This exhibition is part of the international initiative Mathematics of Planet Earth (www.mpe2013). It is organized by the International Centre for Theoretical Sciences (ICTS) and Center for Applicable Mathematics (CAM) of Tata Institute of Fundamental Research (TIFR). The exhibition is based on the four major themes: Waves, Networks, Optimization and Structures. It will be held at the Visvesvaraya Industrial & Technological Museum in Bangalore, India.

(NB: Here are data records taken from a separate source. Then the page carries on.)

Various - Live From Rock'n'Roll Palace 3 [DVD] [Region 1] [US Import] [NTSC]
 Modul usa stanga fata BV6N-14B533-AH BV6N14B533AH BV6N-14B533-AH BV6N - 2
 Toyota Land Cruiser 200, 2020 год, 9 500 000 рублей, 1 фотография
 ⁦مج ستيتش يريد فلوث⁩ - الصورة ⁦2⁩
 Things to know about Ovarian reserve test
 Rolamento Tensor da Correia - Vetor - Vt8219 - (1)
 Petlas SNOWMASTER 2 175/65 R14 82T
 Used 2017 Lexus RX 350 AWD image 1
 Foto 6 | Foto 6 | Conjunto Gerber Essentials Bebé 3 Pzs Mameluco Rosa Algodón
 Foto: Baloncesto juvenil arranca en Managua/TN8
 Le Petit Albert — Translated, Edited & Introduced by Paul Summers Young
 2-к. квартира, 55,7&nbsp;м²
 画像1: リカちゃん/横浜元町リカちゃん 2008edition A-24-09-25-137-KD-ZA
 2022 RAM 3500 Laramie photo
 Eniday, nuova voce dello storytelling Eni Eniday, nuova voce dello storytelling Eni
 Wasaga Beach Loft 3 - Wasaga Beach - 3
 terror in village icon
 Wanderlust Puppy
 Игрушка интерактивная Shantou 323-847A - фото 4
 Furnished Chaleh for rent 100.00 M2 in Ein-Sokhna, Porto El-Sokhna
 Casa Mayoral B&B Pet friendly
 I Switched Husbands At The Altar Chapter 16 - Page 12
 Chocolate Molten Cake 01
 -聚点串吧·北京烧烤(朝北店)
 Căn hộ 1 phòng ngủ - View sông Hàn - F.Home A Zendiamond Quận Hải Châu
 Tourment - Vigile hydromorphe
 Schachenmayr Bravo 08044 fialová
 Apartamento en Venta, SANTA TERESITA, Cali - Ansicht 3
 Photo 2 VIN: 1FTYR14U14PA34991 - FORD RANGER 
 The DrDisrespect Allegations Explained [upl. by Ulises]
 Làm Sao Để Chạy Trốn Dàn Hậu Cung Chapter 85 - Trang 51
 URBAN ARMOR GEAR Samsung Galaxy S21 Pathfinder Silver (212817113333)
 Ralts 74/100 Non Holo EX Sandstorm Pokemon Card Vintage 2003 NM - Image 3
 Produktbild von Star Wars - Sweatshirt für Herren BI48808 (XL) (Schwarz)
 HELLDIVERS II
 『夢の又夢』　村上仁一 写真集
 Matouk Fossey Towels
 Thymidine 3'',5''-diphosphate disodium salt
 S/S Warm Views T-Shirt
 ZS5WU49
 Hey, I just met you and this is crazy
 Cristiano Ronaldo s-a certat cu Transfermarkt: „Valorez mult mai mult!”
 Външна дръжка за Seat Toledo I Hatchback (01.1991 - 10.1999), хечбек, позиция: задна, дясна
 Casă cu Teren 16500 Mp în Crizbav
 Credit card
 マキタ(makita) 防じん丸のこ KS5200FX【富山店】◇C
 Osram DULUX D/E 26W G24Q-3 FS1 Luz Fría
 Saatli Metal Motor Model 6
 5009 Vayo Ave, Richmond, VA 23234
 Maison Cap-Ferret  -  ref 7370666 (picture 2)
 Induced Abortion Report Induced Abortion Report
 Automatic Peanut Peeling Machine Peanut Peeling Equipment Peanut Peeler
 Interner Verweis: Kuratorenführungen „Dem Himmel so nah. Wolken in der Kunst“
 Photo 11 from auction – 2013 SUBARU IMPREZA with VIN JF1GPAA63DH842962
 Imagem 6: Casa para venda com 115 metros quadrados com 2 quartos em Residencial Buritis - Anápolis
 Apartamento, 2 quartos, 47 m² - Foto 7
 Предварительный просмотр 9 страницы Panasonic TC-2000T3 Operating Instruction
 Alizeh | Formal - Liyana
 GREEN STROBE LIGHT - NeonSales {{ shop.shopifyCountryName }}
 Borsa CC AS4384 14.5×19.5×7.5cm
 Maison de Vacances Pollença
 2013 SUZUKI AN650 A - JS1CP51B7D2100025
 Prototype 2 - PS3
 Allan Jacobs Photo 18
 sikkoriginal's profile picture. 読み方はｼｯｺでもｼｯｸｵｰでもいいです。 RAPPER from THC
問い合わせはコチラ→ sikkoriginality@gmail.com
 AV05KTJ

Origin of life and evolution: phylogenetic tree
Module: Constructing phylogenetic tree
The uniqueness of DNA (RNA) from one lineage to another allows to reconstuct the evolutionary history through a phylogenetic tree and get information on the past evolutionary processes. A phylogenetic tree constructed from sequences of human influenza virus (an epidemic simulated accross a small community) seeded in a community by an individual named -1 in the transmission network (see following image). The phylogenetic tree is composed of branches (edges) and nodes, where branches connect nodes (node: points at which two or more branches diverge). It has internal and external branches and nodes (terminal), and internal node corresponds to the hypothetical last common ancestor (LCA) of everything arising from it. Terminal nodes correspond to the sequences (DNA/RNA) from which the tree was constructed. The lengths of the branches correspond to sequence difference between the two nodes they connect. The phylogenetic tree is constructed by considering the substitution of nucleotides of the DNA as continoustime Markov process through base replacement at each site of the DNA and genetic distance between sequences.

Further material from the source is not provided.